Hood, Ann. Fly Girl. W.W. Norton & Company, 2022. 288 pp. ISBN 978-1324006237 $26.95
***
You’ll never forget your first (flight). It was 1986. My dad and brother got to come all the way to gate to see us off, and my mom and I flew to Ohio from Boston’s Logan International Airport over April vacation when I was in sixth grade (I missed a Girl Scout field trip to Martha’s Vineyard to go). I had a bag of second-hand books to read, we were seating the smoking section to accomodate my mother’s vice, and I got to peek in the cockpit before getting pinned with a pair of gold plastic wings. I immediately wanted to be a stewardess when I grew up. Since then, I’ve flown countless times in the contintental US and Canada, on standby for free courtesy of a friend who worked for Delta and always make a point to park and go when I’m picking someone up. Post 9/11, you can’t go all the way to the gate anymore without special permission, but I think it’s nice to see a friendly face waiting as close to the arrivals gate as allowed.
I’ve been a fan of Hood since I heard her keynote at a MA Library Association conference luncheon, which lead me to her book Comfort (about the loss of her five-year-old daughter quite unexpectedly to a virulent case of strep), and then on to read two of her historical novels, The Italian Wife and The Obituary Writer. In her new memoir Fly Girl, she details her coming of age as a young flight attendant for TWA in the golden age of aviation from the glamour: exotic destinations! handsome strangers! the chateaubriand and made to order sundaes in first class! brushes with celebrity! to the gritty: the sexism! the strikes! the passenger who OD’d in the restroom! the men who one after another followed a “colleague” into a restroom for their turn to join the mile-high club.
Eye-opening for present day travelers, Hood recalls the grueling job application process (more like a casting call), the weigh-ins, and the write-up for not wearing lipstick; the expectation that the average stewardess would find a husband in less than a year and a half;
More compelling is the grave reminder that flight attendees are highly trained to act in an emergency, highly skilled at negotiating tense situations, and there to serve as first responders, FIRST–and THEN as the people who kindly bring a beverage or airsick bag.

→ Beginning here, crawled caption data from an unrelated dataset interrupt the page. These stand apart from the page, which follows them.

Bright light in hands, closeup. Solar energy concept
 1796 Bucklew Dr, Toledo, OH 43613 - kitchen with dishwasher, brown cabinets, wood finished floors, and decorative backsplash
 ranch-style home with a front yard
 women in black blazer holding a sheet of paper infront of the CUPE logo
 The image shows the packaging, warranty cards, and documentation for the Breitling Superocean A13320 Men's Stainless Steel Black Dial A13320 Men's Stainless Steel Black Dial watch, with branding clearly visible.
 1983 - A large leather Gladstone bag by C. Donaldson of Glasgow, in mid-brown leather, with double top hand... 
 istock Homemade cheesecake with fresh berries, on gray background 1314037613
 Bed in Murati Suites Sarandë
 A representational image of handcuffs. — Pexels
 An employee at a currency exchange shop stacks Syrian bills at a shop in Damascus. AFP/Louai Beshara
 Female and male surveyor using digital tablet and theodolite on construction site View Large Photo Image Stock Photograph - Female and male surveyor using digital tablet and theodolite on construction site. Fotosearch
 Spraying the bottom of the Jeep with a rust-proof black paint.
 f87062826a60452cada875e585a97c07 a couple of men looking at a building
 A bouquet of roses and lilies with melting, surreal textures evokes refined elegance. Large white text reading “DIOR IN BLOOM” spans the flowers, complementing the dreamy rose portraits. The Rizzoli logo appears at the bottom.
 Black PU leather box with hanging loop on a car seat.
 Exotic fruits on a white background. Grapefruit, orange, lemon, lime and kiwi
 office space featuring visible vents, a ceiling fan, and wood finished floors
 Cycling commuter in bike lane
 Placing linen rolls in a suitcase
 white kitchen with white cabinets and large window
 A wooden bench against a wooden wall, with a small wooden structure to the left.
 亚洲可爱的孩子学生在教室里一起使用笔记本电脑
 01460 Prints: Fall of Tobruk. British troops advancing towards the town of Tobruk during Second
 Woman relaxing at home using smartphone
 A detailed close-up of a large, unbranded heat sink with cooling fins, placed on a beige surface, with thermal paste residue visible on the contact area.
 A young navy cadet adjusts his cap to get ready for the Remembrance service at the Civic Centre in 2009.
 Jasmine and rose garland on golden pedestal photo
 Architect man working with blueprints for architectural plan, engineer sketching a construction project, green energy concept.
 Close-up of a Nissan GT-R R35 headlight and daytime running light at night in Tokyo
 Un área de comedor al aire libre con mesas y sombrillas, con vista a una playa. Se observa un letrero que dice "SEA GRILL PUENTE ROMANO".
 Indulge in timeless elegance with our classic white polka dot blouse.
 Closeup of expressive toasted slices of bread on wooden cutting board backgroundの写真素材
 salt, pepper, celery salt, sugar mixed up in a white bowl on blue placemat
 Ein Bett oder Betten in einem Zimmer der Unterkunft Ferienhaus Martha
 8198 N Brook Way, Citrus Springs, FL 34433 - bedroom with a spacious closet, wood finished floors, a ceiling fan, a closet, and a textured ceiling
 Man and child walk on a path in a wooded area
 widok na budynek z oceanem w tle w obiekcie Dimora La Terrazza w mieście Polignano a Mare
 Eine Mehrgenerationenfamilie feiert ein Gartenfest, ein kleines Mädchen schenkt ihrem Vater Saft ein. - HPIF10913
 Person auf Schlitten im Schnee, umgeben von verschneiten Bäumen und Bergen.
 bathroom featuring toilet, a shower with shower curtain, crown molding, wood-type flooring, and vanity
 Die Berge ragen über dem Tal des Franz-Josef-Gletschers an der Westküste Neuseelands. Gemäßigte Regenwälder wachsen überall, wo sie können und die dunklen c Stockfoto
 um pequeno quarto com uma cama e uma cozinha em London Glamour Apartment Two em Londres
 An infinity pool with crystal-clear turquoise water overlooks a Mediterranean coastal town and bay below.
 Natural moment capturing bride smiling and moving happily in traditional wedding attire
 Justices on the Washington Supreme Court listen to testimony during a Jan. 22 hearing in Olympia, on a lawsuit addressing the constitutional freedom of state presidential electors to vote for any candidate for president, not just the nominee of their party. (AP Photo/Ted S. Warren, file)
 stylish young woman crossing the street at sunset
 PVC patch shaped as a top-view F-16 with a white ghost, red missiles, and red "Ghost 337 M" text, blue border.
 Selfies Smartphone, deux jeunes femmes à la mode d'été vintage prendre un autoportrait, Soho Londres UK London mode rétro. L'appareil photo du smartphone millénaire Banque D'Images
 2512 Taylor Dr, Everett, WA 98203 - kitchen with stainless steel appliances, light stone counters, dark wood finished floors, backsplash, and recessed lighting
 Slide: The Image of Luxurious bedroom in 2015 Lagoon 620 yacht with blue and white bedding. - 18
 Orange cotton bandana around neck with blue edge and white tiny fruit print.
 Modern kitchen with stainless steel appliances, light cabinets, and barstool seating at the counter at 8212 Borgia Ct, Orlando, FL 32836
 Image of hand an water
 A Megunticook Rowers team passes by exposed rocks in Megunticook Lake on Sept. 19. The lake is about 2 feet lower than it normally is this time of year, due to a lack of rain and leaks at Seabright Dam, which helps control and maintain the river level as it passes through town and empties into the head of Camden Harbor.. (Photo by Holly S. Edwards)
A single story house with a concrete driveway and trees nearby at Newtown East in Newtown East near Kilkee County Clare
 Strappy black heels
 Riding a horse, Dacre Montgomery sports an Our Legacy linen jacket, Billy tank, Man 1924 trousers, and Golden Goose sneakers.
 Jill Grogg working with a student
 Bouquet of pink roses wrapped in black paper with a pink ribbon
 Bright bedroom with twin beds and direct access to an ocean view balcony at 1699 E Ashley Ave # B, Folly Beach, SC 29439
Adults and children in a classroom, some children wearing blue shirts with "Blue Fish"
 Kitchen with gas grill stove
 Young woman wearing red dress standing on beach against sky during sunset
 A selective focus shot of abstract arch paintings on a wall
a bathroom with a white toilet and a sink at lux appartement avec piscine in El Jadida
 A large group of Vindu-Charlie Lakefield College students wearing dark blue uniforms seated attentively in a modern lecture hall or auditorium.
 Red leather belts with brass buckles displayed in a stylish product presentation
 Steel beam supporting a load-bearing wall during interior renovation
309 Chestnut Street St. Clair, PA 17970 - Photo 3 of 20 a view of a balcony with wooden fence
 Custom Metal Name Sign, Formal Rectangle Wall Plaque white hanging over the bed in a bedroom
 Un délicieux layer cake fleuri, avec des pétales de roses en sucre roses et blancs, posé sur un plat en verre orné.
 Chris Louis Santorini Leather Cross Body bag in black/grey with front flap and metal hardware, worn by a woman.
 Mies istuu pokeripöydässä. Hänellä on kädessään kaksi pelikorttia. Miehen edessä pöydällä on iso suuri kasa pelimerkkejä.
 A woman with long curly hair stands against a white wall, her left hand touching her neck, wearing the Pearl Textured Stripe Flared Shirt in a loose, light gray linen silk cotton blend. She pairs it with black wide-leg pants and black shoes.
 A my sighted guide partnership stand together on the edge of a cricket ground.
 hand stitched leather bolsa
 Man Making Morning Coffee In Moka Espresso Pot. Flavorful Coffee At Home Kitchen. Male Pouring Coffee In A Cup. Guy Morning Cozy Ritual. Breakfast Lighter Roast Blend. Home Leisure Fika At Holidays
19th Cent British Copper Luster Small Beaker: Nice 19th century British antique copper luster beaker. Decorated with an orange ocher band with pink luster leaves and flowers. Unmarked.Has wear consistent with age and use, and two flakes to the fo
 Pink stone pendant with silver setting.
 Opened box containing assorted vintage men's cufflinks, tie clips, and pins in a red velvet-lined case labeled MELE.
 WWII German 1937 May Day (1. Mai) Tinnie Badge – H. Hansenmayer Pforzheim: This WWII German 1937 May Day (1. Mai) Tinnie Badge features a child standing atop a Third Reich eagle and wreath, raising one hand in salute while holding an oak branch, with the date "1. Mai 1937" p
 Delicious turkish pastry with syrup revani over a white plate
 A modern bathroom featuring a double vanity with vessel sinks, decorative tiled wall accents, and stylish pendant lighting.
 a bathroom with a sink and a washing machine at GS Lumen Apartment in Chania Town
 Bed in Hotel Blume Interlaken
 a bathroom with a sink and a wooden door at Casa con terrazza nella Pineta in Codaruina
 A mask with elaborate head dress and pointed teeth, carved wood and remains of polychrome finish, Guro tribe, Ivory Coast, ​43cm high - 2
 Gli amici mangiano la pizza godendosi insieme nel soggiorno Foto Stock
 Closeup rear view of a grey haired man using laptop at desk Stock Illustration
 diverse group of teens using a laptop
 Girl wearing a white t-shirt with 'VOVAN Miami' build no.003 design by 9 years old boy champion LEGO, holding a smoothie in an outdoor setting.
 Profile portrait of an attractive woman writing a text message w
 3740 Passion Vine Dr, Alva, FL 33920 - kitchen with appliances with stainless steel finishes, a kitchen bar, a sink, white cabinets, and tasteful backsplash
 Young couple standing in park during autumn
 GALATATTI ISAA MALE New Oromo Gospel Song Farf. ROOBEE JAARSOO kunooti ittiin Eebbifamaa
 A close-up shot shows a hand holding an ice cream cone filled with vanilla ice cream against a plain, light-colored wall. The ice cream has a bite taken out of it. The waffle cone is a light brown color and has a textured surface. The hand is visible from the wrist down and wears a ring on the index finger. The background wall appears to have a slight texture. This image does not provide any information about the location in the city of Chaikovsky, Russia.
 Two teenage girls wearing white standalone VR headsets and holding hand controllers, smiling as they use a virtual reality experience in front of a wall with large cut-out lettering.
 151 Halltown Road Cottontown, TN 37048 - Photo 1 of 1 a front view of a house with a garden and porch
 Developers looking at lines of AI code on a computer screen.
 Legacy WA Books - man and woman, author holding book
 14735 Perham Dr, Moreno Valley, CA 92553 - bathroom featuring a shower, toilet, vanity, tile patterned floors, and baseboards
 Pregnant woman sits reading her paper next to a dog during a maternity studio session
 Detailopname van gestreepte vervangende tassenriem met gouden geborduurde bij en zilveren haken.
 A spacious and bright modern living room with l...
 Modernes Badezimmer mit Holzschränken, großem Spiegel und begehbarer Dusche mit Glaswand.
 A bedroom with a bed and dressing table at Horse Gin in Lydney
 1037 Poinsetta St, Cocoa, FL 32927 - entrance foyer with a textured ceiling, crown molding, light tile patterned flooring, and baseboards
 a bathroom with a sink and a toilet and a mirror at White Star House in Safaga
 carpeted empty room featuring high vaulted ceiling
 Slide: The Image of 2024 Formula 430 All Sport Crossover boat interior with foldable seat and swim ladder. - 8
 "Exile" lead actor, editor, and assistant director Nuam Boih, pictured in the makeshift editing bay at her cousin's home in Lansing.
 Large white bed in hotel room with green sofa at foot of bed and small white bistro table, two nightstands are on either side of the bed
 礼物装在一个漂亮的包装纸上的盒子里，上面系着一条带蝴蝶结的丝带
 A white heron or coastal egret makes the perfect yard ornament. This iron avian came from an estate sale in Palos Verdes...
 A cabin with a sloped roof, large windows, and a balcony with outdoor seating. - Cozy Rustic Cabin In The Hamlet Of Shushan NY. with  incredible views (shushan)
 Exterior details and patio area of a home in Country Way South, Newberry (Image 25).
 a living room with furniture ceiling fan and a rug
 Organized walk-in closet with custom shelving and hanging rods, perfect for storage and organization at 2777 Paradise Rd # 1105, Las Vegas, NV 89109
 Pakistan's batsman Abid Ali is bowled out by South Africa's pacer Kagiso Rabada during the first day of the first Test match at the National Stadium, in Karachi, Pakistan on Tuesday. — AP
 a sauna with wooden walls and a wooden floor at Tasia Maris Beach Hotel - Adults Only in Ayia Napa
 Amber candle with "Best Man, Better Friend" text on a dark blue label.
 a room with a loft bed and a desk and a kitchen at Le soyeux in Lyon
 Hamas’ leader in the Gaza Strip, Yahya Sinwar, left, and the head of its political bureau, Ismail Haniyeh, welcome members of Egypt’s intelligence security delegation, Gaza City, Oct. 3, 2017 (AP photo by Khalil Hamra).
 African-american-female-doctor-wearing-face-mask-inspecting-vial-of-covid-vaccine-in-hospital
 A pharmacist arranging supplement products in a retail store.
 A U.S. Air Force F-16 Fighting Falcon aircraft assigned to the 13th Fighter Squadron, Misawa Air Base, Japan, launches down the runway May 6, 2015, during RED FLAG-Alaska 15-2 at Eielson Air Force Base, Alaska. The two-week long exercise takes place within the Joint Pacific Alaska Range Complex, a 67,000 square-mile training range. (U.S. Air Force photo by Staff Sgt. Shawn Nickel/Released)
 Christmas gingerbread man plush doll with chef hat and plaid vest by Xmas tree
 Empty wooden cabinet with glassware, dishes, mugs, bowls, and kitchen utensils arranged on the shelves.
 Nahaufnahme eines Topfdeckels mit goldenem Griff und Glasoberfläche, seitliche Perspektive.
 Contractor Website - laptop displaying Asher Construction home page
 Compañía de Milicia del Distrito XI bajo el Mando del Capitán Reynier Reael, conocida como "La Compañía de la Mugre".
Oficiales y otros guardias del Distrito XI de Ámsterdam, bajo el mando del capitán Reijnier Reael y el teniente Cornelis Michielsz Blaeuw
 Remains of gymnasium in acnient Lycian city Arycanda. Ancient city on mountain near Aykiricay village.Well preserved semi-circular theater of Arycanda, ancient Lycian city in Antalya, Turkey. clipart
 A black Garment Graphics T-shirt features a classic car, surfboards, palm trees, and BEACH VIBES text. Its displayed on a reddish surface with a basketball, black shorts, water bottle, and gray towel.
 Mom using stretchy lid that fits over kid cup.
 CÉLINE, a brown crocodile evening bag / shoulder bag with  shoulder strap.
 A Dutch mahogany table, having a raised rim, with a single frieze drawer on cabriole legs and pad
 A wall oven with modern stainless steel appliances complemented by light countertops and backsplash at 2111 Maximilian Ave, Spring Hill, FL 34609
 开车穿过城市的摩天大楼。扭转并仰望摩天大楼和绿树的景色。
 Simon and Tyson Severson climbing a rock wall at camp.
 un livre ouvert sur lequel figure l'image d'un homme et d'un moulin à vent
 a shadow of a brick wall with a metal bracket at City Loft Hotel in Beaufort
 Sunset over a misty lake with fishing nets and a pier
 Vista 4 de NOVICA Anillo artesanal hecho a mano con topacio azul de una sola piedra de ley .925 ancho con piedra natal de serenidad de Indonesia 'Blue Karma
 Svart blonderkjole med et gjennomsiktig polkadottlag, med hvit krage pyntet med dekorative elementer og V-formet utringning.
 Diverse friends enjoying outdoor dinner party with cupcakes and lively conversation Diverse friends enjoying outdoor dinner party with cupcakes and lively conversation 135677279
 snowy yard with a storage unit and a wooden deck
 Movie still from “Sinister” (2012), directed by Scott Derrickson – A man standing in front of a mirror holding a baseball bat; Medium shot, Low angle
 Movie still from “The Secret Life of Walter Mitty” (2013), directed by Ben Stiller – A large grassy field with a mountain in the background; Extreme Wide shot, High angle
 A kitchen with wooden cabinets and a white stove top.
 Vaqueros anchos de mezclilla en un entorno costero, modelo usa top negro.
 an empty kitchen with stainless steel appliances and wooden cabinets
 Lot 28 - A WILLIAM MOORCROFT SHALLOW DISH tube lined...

Buckle your seatbelts: while this tell-all tastefully refrains from mentioning specific names or flights, it is a bumpy ride through a few short years. The air travel becomes fodder for not only her writing (drafts were penned from a jumpseat on flights) but her knitting (which other novels center around), and art imitates life as a character in the Obituary Writer was a flight attendant for a short time before meeting her husband. This is a compelling story but could have used with slightly stronger editing. Told mostly chronologically, I would have loved even more detail about places, people and food; some details are redundant. Still, this is a strong addition to library collections; recommend alongside popular pilot podcasts (my favorite is 74 Gear) and flight attendant podcasts (my favorite is Fly With Stella).
I checked Fly Girl out of my local library.